Sturdy trail runners (XA Pro 3D Ultra) http://www.salomon.com/us/product/xa-pro-3d-ultra.html
Mud trail runners with rubber spikes for sloppy weather (SpeedCross 2) http://www.salomon.com/us/product/speedcross-2.html
Light hikers, with beefy lugged bottoms for great traction on and off teepad (Exit Aero) http://www.salomon.com/us/product/exit-aero.html
For you folks up North braving the cold check these winter shoes out (DeeMax 2 Dry) http://www.salomon.com/us/product/deemax-2-dry.html

My favorite pair of shoes all time for disc golf are Montrail's CTC Trail Runner/Approach Shoe Hybrid, but they were discontinuned in 2008 (good thing I stocked up, I have 4 pairs). There are other types of these shoes in the market from brands like FiveTen, Kayland, LaSportiva, Patagonia and Evolve. These shoes are built for long approaches on rocky terrain and for scrambling up mountains. They have super grippy rubber on the soles and full rubber rands around the heel and toe for extreme durability when in contact with lots of rock. The translation is a great pair of lightweight durable shoes that handle concrete tee pads with easy and any other terrain you might find on the DG course.

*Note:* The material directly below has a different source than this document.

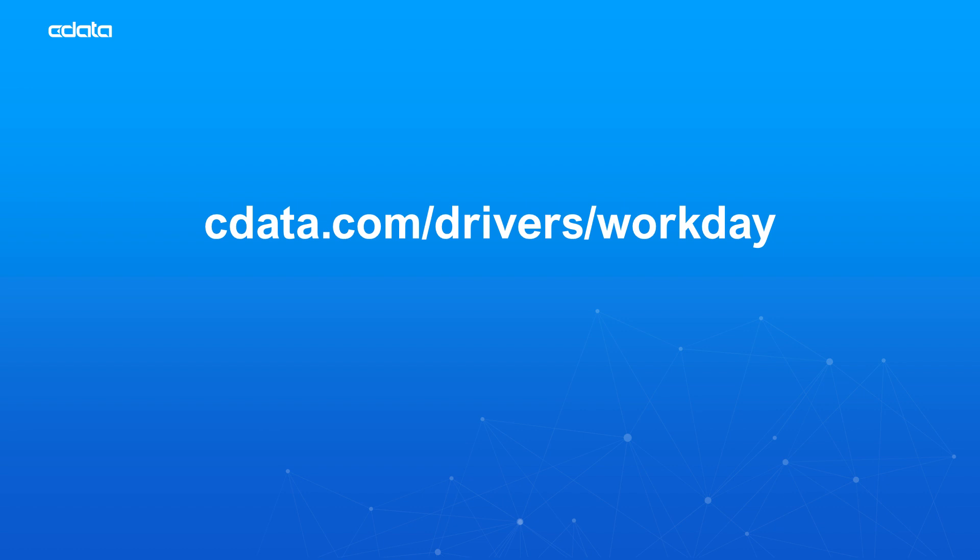This is a free 30-day trial of any of our Workday connectivity solutions. And as always, you can find more information on cdata.com.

I've been in the outdoor industry for 10 years working for brands like Mountain Hardwear, Marmot, Keen, Montrail and Salomon, hit me up with any questions. I know a lot about all outdoor brands and would be happy to help you find the perfect Jacket or Shoes that fits your needs.

I pretty much ground right thru the right toe of every pair I ever played in... Was recommended Shoe Goo, found some on Ebay, have had the same two pairs of shoes now for 4+ years and only on my second tube. The bottoms and tops of the shoes still look good, I just keep rebuilding the right front faces when needed. They usually last a month or two of normal play, depending on how many forehands I throw and the severity of the concrete... It's pretty cheap stuff compared to the cost of new shoes. The trick to smoothing it out is a round toothpick soaked in water and kept damp as you work the goo around where you want it. It pretty much dries overnight or an afternoon in the sun, ready to go the next day. Give it a try, it sold me....

Wouldn't it be easier to just not drag your foot.

How can you have a smooth flow if a foot is dragging or slowing you down.

Pick up your foot and let it flow in a uniformed direction, like a ballerina,

versus do your approach and rut, rutt, rutta of the foot.